Leave out the pictures and reproduce all of the data exactly.

DATA BELOW:
Segment Open
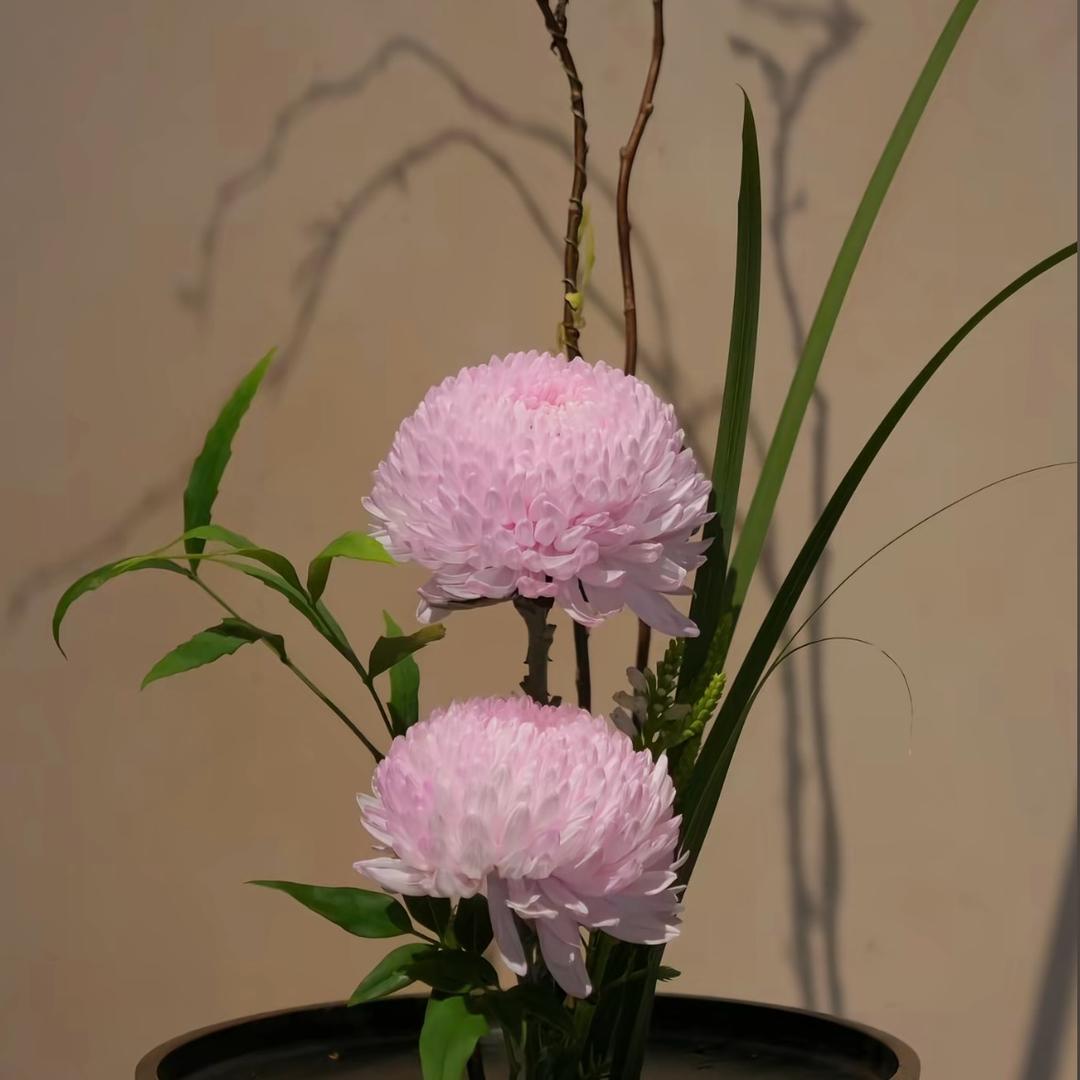糖豆豆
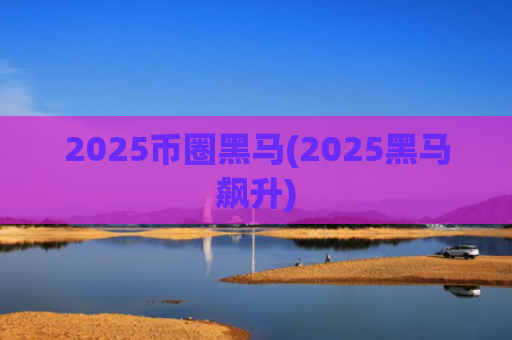 2025币圈黑马(2025黑马飙升)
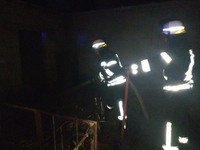 Петриківський район: ліквідовано пожежу у господарчій будівлі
Segment Closed
WRITTEN REPLY:
糖豆豆
 2025币圈黑马(2025黑马飙升)
 Петриківський район: ліквідовано пожежу у господарчій будівлі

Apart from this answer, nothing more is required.